Wiktionary: School of missions  - explanations of meanings, word origins, synonyms, translations

Individual evidence

  1. See: Holger Gast, Antonia Leugers , August H. Leugers-Scherzberg u. Uwe Sandfuchs: Catholic Mission Schools in Germany 1887-1940, Bad Heilbrunn 2013, p. 10.
  2. See: Holger Gast u. a. (2013), pp. 10–15.
  3. See: Marcella Mathieu: Katholische Missionspädagogik in Schwarzafrika, Munich 1982, p. 68f.
  4. Wolfgang Mehnert: Government and Mission Schools in German Colonial Policy (1885-1914), in: Bildung und Erbildung 3 (1993), ed. v. Christel Adick and Wolfgang Mitter, p. 251.

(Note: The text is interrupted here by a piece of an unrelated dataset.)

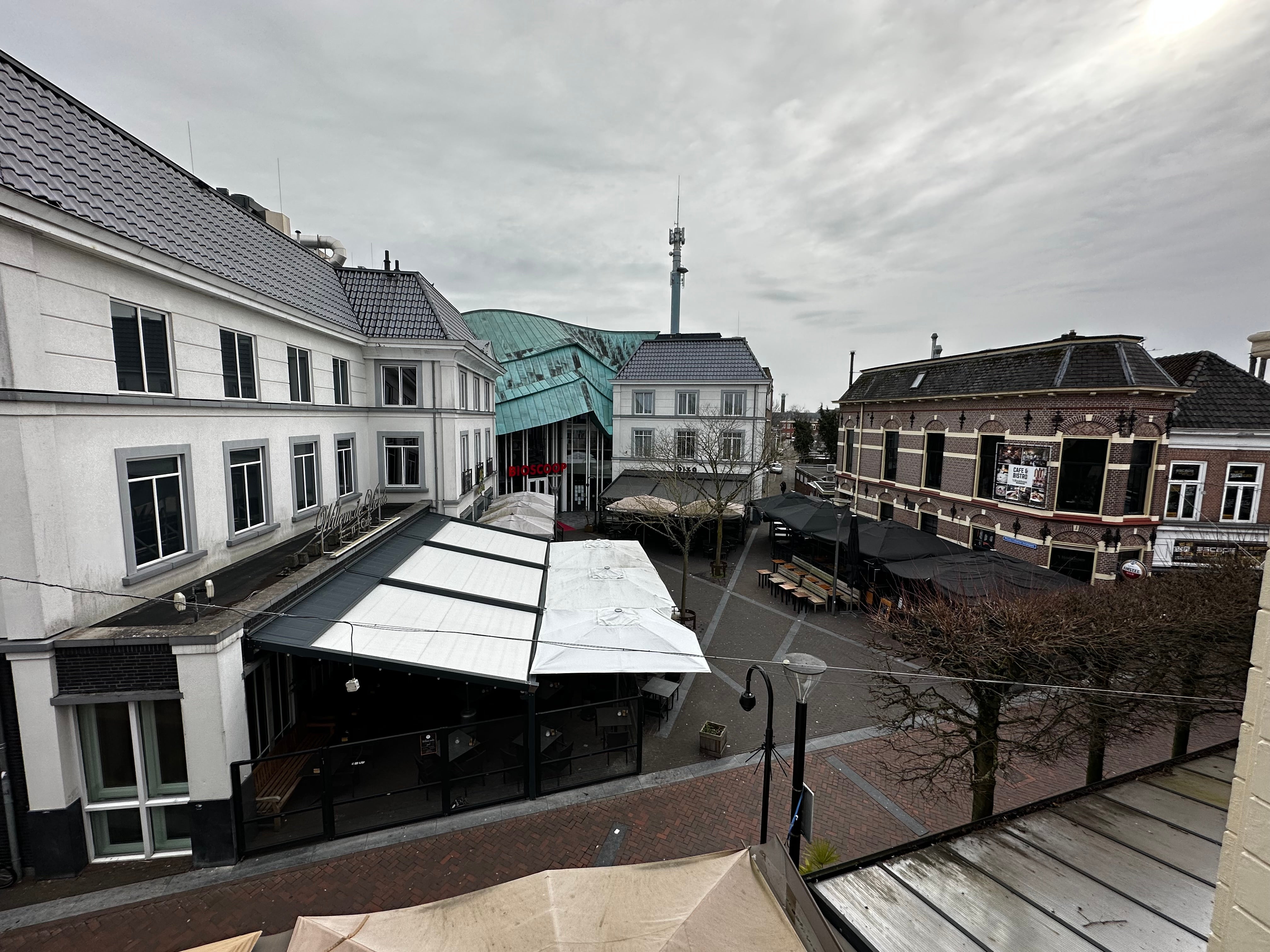 Prinsenstraat 11 – photo 18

  5. ^ Richard Hölzl: Educating Missions. Teachers and Catechists in Southern Tanganyika, 1890s and 1940s . In: Itinerario . tape 40 , no. 3 , December 2016, ISSN  0165-1153 , p. 405-428 , doi : 10.1017 / S0165115316000632 ( cambridge.org [accessed July 10, 2020]).
  6. Holger Gast, Antonia Leugers, August H. Leugers-Scherzberg: Optimization of historical research through databases. The exemplary database "Missionsschulen 1887-1940", Bad Heilbrunn 2010, p. 27.
  7. See: Holger Gast u. a. (2010), p. 27.
  8. See: Holger Gast u. a. (2013), p. 11.
  9. See: Holger Gast u. a. (2013), p. 14.